● Data shown
*****

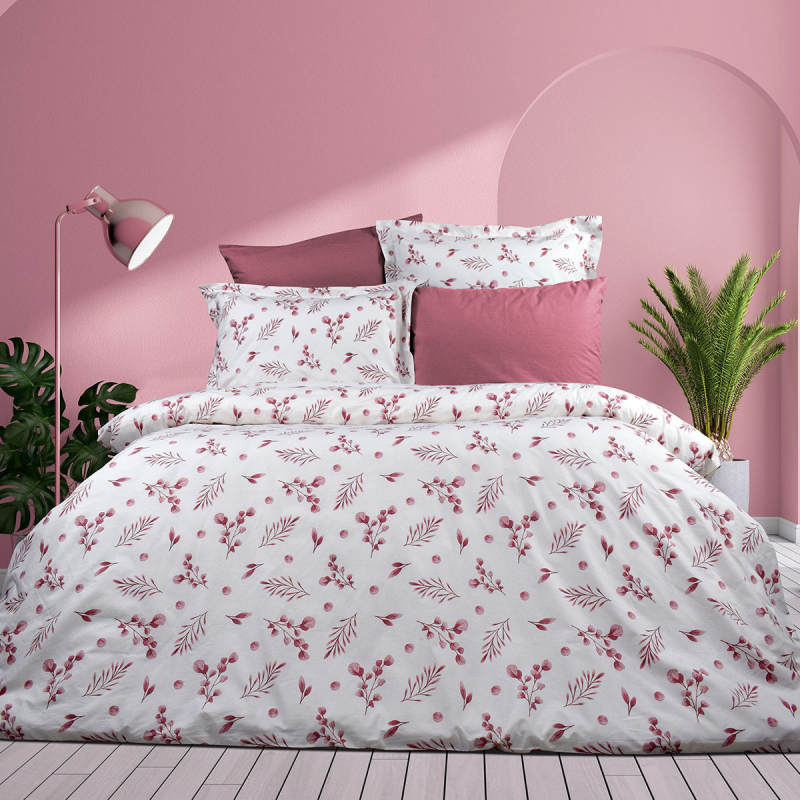 Φανελένιο Σεντόνι Υπέρδιπλο Επίπεδο + Μαξιλαροθήκες (Σετ) Dimcol Μυρτώ 353 Rotten Apple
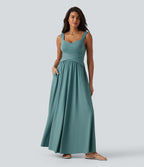 Robe longue fluide sans manches avec brassière intégrée (Bonnets E-G) et poches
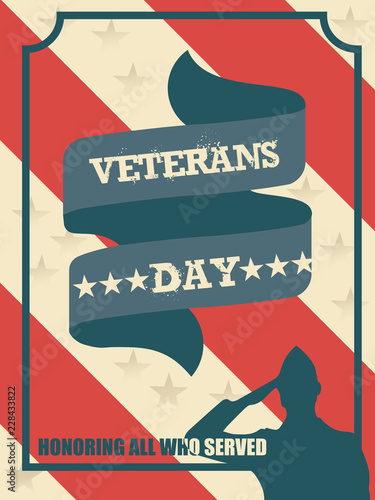 veterans day poster,banner vintage style with silhouette soldier, grunge font, red and white background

*****

● Activity
An exact copy of the data above is required, printed without its pictures.

● Solution for this task
 Φανελένιο Σεντόνι Υπέρδιπλο Επίπεδο + Μαξιλαροθήκες (Σετ) Dimcol Μυρτώ 353 Rotten Apple
 Robe longue fluide sans manches avec brassière intégrée (Bonnets E-G) et poches
 veterans day poster,banner vintage style with silhouette soldier, grunge font, red and white background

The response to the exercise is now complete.